Yang Shi July 20, 2018, 6:13 p.m. UTC
By digging into the original review, it looks use_zero_page sysfs knob
was added to help ease-of-testing and give user a way to mitigate
refcounting overhead.

It has been a few years since the knob was added at the first place, I
think we are confident that it is stable enough. And, since commit
6fcb52a56ff60 ("thp: reduce usage of huge zero page's atomic counter"),
it looks refcounting overhead has been reduced significantly.

Other than the above, the value of the knob is always 1 (enabled by
default), I'm supposed very few people turn it off by default.

So, it sounds not worth to still keep this knob around.

Cc: Kirill A. Shutemov <kirill@shutemov.name>
Cc: Hugh Dickins <hughd@google.com>
Cc: David Rientjes <rientjes@google.com>
Cc: Aaron Lu <aaron.lu@intel.com>
Cc: Andrew Morton <akpm@linux-foundation.org>
Signed-off-by: Yang Shi <yang.shi@linux.alibaba.com>
---
 Documentation/admin-guide/mm/transhuge.rst |  7 -------
 include/linux/huge_mm.h                    |  4 ----
 mm/huge_memory.c                           | 22 ++--------------------
 3 files changed, 2 insertions(+), 31 deletions(-)

Comments

Andrew Morton July 20, 2018, 7:32 p.m. UTC | #1
On Sat, 21 Jul 2018 02:13:50 +0800 Yang Shi <yang.shi@linux.alibaba.com> wrote:

> By digging into the original review, it looks use_zero_page sysfs knob
> was added to help ease-of-testing and give user a way to mitigate
> refcounting overhead.
> 
> It has been a few years since the knob was added at the first place, I
> think we are confident that it is stable enough.
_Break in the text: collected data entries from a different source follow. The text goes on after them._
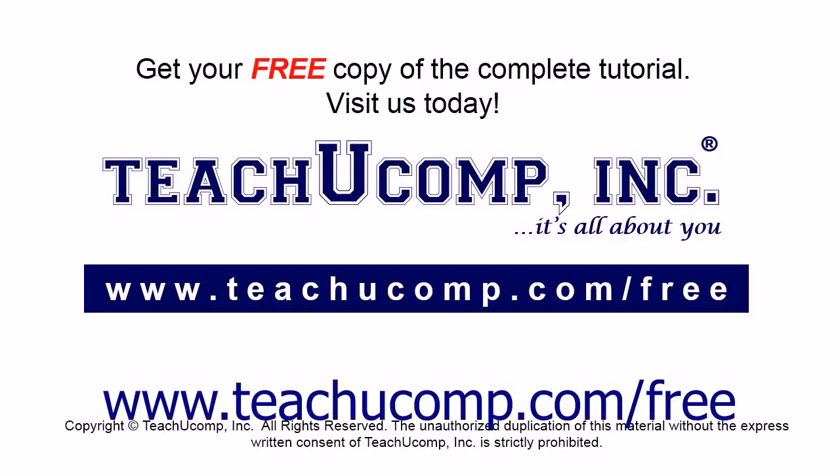Get your free copy of the complete tutorial at www.teachyoucomp.com forward slash free.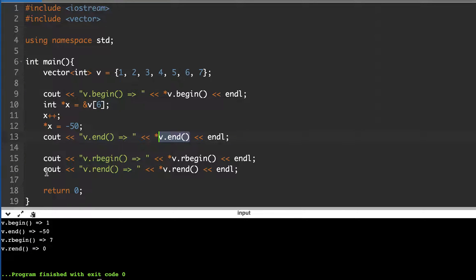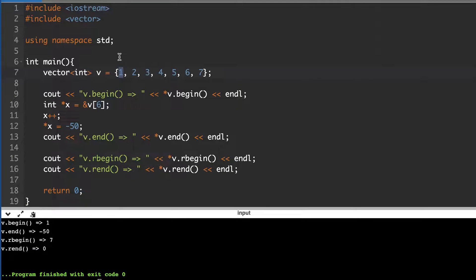Similarly, you should not dereference rend. You can experiment by getting the address of the first element, subtracting from it, and pointing before the container — it will either crash or give that value. These are the four important STL functions which return iterators: begin, end, rbegin, and rend.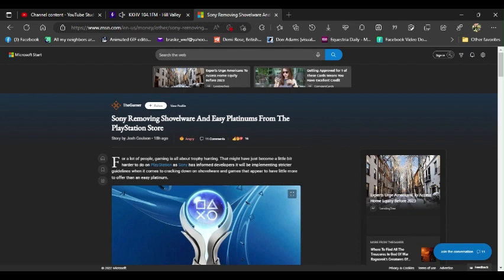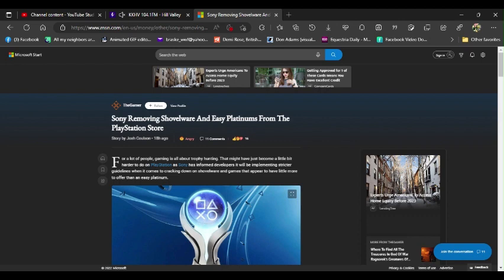So basically Sony, what the fuck were you high on when you came up with this? You basically want to get rid of shovelware and easy platinums from the PlayStation Store. So what were you, I hate to use this line that the nerd has already used, but what were they thinking? Seriously, what were they thinking? I have no idea. If any of you guys out there have any idea what Sony was thinking, or if they were thinking, let me know.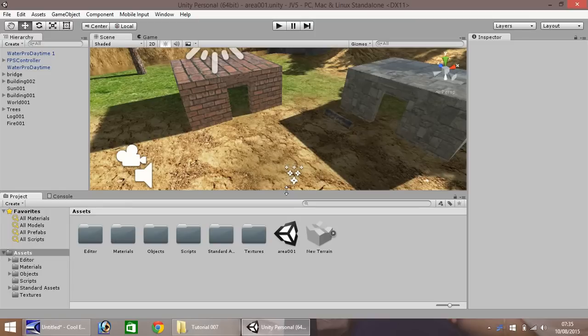Hello, my name is Jimmy Vegas and welcome to this, the 7th in a series of video tutorials for Unity 5.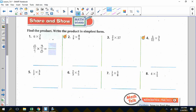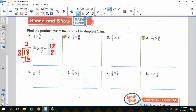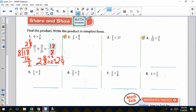Question number one: six times three eighths. First, put six over one and multiply by three eighths. Six times three is 18 on top; one times eight is eight on the bottom — giving 18 eighths. We divide since it's improper: 18 divided by eight is two, with a remainder of two, giving two and two eighths. We then put that into simplest form by dividing numerator and denominator by two. Our final answer in simplest form is two and one fourth.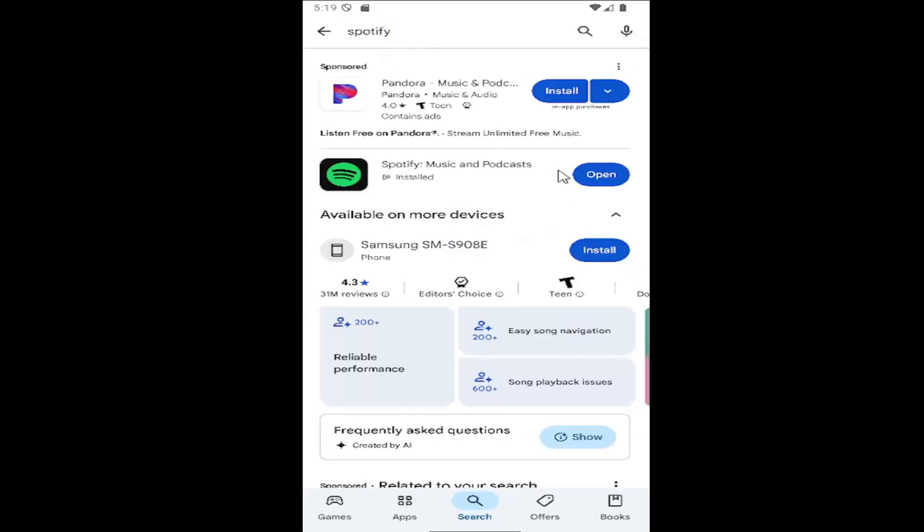And then you would select the install option for Spotify. There should be quite a number of downloads. I think there are over 100 million at least in here. You can see there's 31 million reviews. So make sure you're getting it directly from Spotify. It should be the primary one in here.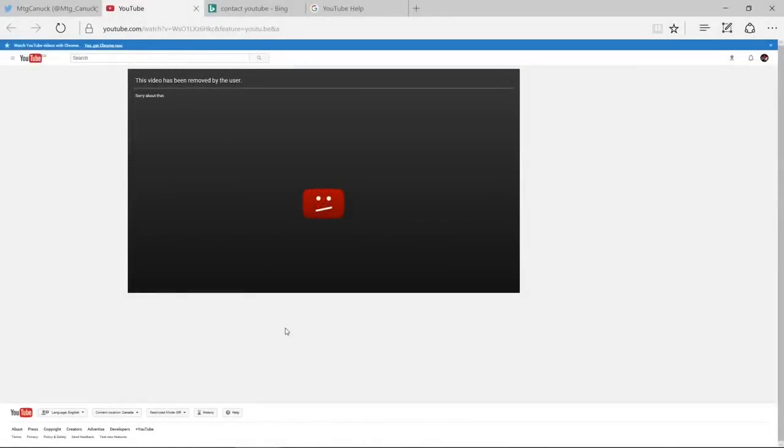Hi everyone, MTG Canuck here. Look at the screen. Have you ever seen this issue? If this is your problem, then there's an answer.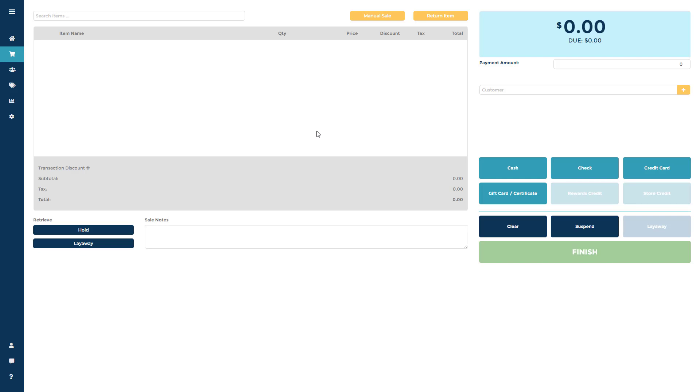To ring up a sale on the POS screen, scan an item into the sale or search for it by name.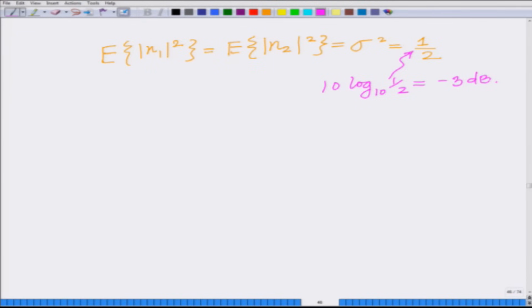We are assuming a noise power of −3 dB, that is noise power of 1/2 per antenna. The noise elements n1 and n2 have equal power σ² = 1/2, or equivalently −3 dB, at each antenna.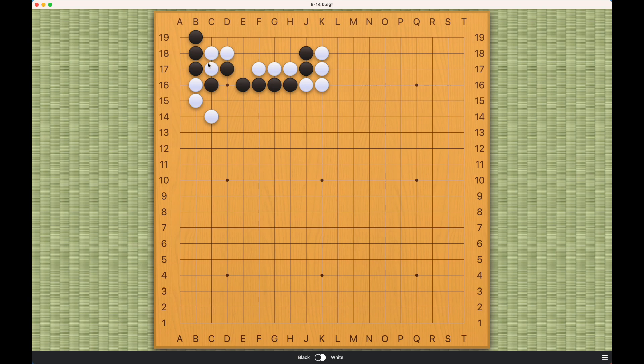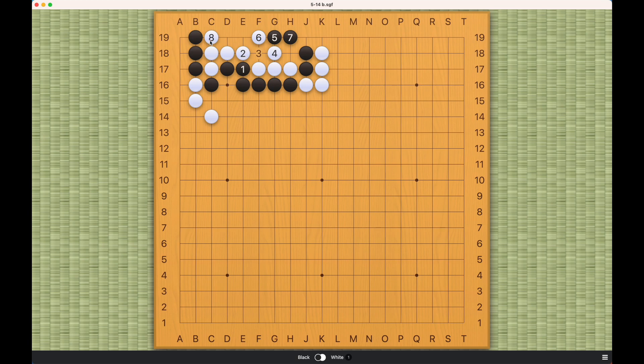One way to cut off white is this, and the best black can do is this. But now, as you can see, white has a real eye here, and black cannot come in from behind like this, so it's hard for black to succeed this way.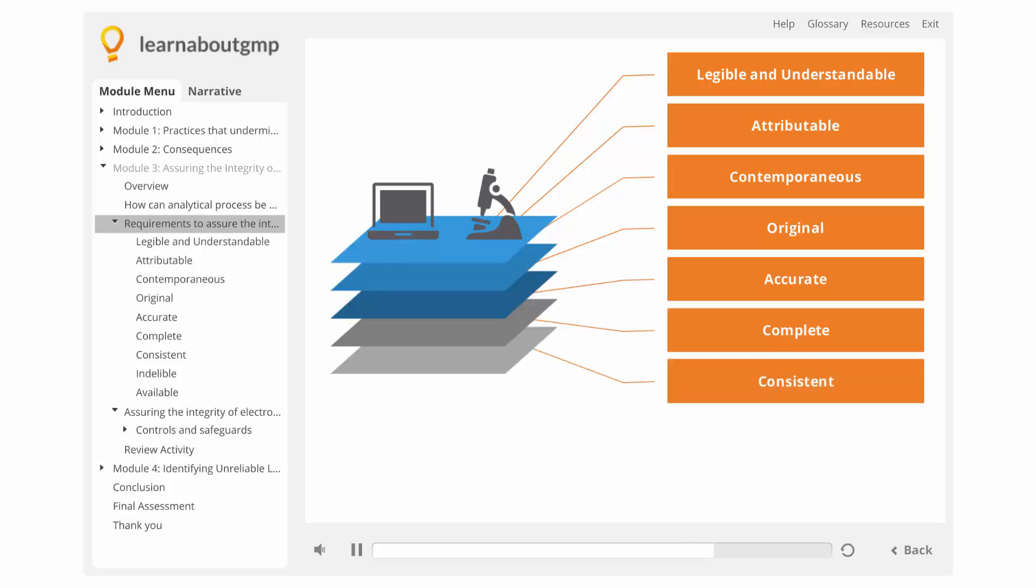Consistent. All elements in the sequence of analysis must be date and time stamped and must be in the expected order. Indelible. Records are made onto controlled documents, such as laboratory notebooks or controlled worksheets, or saved to electronic media.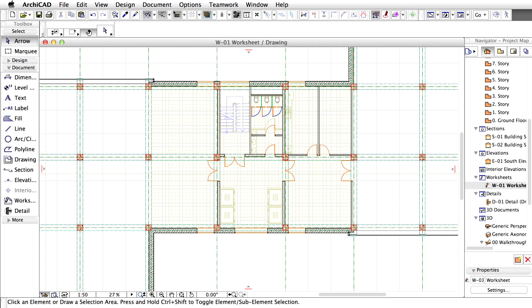It is time now to see what building components the project is made of. One of the major benefits of the BIM technology is that we can derive quantity takeoffs, schedules, and element lists at any time.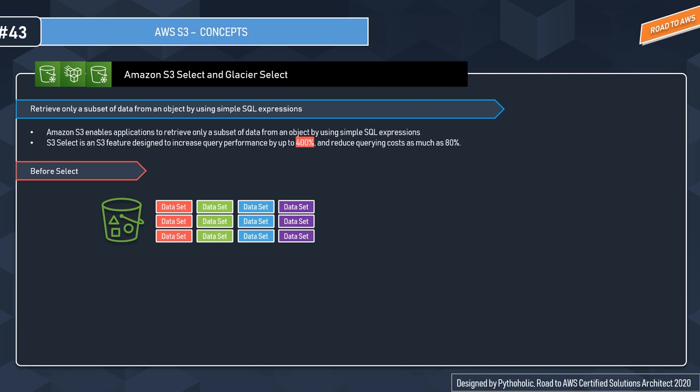The major advantage is that with S3 Select you can achieve drastic performance increases and get as much as 400 percent improvement, and it will reduce querying cost as much as 80 percent.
And, since commit
> 6fcb52a56ff60 ("thp: reduce usage of huge zero page's atomic counter"),
> it looks refcounting overhead has been reduced significantly.
> 
> Other than the above, the value of the knob is always 1 (enabled by
> default), I'm supposed very few people turn it off by default.
> 
> So, it sounds not worth to still keep this knob around.

Probably OK.  Might not be OK, nobody knows.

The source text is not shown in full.